Bukan karena alasan fanatik atau kolot. Bagi Theravada yang kebijaksanaannya sempurna adalah Sammasambuddha. Kebijaksanaan Arahat tidak sempurna seperti Sammasambuddha, tetapi masih memiliki otoritas lebih tinggi daripada putujhana, sehingga yang kedua menjadi patokan adalah kebijaksanaan Arahat yang berusaha mengawetkan Dhamma yang dibabarkan Sammasambuddha dalam konsili-konsili. Dhamma semakin lama semakin terdegradasi.
Anda pernah membaca tulisan Eks Bhikkhu Mettanando tentang konsili? banyak hal yg kita telan mentah-mentah, dan byk informasi baru yg beliau temukan dalam kitab Tipitaka Theravada, lumayan buat informasi berimbang, sekedar informasi saja, berhubungan saya sendiri jg blum sanggup masuk ke dalam Tipitaka theravada, karena alasan bahasa.

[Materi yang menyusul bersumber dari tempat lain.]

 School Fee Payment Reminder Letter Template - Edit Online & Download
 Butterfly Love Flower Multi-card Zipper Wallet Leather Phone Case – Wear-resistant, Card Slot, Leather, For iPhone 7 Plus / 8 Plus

Sang Buddha mengatakan ada 2 kesalahan dalam penanganan Sutta, yaitu dalam tulisan (harafiah) dan dalam makna. 2 kesalahan ini akan berakibat mengurangi umur Dhamma. Karena itu Theravada klasik berusaha tidak mengubah isi Sutta, dan tidak menerima pandangan kebijaksanaan lain bisa memutuskan sesuatu. Otoritas tertinggi berada di Sutta, dan kemudian kitab komentar karena dianggap disusun oleh para Arahat. Ada Bhikkhu yang mati-matian menjalankan Vinaya sampai titik darah penghabisan, bukan karena kolot atau terikat tradisi, tetapi berusaha sebaik mungkin mengawetkan Dhamma. Di Theravada klasik hak untuk menghapus peraturan kecil dalam Vinaya dianggap telah ditolak di konsili, demi keberlangsungan Dhamma. Bhante Bodhi, yang karyanya sangat terkenal, baik terjemahan Sutta, Vinaya, Abhidhamma, maupun tulisan beliau sendiri tetap membedakan mana pandangan beliau sendiri, mana yang pandangan Theravada klasik dalam tulisannya.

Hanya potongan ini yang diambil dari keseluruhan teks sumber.